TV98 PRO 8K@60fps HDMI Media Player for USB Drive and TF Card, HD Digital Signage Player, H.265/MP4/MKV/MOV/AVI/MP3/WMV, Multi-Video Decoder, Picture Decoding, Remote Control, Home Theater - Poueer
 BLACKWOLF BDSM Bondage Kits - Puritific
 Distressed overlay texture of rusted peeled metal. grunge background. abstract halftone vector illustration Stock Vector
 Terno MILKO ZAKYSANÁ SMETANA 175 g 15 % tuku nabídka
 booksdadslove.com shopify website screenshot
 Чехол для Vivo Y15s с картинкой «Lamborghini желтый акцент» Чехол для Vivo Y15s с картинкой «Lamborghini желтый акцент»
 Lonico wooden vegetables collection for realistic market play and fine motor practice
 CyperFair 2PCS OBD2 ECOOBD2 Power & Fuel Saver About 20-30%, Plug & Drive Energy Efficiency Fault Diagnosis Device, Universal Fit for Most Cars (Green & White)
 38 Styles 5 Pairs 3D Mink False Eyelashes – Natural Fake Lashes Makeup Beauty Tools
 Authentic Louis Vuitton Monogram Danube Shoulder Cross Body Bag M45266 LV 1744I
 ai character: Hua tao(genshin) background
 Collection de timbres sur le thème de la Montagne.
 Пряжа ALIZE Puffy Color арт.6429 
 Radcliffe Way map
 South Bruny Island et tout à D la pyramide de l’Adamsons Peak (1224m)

::::::

_Instructions to follow_. Please write out, exactly as they appear above, only the lines in the stretch from the line with "Authentic Louis Vuitton" through the line with "Radcliffe Way map".

_The answer_.
 Authentic Louis Vuitton Monogram Danube Shoulder Cross Body Bag M45266 LV 1744I
 ai character: Hua tao(genshin) background
 Collection de timbres sur le thème de la Montagne.
 Пряжа ALIZE Puffy Color арт.6429 
 Radcliffe Way map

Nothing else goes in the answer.